Problem statement: Please write out each entry exactly as it appears.

Given data:
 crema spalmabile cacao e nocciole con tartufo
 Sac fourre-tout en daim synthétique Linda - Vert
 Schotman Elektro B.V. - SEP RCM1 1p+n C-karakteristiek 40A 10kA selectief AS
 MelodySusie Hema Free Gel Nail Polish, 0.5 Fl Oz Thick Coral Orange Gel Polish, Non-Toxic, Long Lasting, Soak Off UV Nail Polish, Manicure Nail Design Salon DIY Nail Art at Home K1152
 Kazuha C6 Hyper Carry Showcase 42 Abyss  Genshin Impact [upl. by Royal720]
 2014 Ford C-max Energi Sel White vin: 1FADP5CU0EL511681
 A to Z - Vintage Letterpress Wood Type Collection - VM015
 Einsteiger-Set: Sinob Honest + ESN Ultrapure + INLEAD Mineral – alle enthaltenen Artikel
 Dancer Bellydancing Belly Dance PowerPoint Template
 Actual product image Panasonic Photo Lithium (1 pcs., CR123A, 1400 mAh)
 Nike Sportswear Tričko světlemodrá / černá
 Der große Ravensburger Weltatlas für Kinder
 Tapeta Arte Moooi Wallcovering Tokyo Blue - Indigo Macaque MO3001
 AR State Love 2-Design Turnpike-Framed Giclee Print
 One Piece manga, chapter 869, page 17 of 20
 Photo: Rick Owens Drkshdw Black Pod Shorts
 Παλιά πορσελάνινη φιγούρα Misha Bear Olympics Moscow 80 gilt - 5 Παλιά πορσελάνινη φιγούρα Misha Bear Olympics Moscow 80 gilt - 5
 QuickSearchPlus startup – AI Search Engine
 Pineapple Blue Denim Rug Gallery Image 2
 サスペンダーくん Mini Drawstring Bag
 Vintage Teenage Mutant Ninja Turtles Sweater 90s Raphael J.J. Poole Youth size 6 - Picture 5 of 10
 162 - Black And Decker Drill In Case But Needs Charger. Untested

Solution to the problem:
 crema spalmabile cacao e nocciole con tartufo
 Sac fourre-tout en daim synthétique Linda - Vert
 Schotman Elektro B.V. - SEP RCM1 1p+n C-karakteristiek 40A 10kA selectief AS
 MelodySusie Hema Free Gel Nail Polish, 0.5 Fl Oz Thick Coral Orange Gel Polish, Non-Toxic, Long Lasting, Soak Off UV Nail Polish, Manicure Nail Design Salon DIY Nail Art at Home K1152
 Kazuha C6 Hyper Carry Showcase 42 Abyss  Genshin Impact [upl. by Royal720]
 2014 Ford C-max Energi Sel White vin: 1FADP5CU0EL511681
 A to Z - Vintage Letterpress Wood Type Collection - VM015
 Einsteiger-Set: Sinob Honest + ESN Ultrapure + INLEAD Mineral – alle enthaltenen Artikel
 Dancer Bellydancing Belly Dance PowerPoint Template
 Actual product image Panasonic Photo Lithium (1 pcs., CR123A, 1400 mAh)
 Nike Sportswear Tričko světlemodrá / černá
 Der große Ravensburger Weltatlas für Kinder
 Tapeta Arte Moooi Wallcovering Tokyo Blue - Indigo Macaque MO3001
 AR State Love 2-Design Turnpike-Framed Giclee Print
 One Piece manga, chapter 869, page 17 of 20
 Photo: Rick Owens Drkshdw Black Pod Shorts
 Παλιά πορσελάνινη φιγούρα Misha Bear Olympics Moscow 80 gilt - 5 Παλιά πορσελάνινη φιγούρα Misha Bear Olympics Moscow 80 gilt - 5
 QuickSearchPlus startup – AI Search Engine
 Pineapple Blue Denim Rug Gallery Image 2
 サスペンダーくん Mini Drawstring Bag
 Vintage Teenage Mutant Ninja Turtles Sweater 90s Raphael J.J. Poole Youth size 6 - Picture 5 of 10
 162 - Black And Decker Drill In Case But Needs Charger. Untested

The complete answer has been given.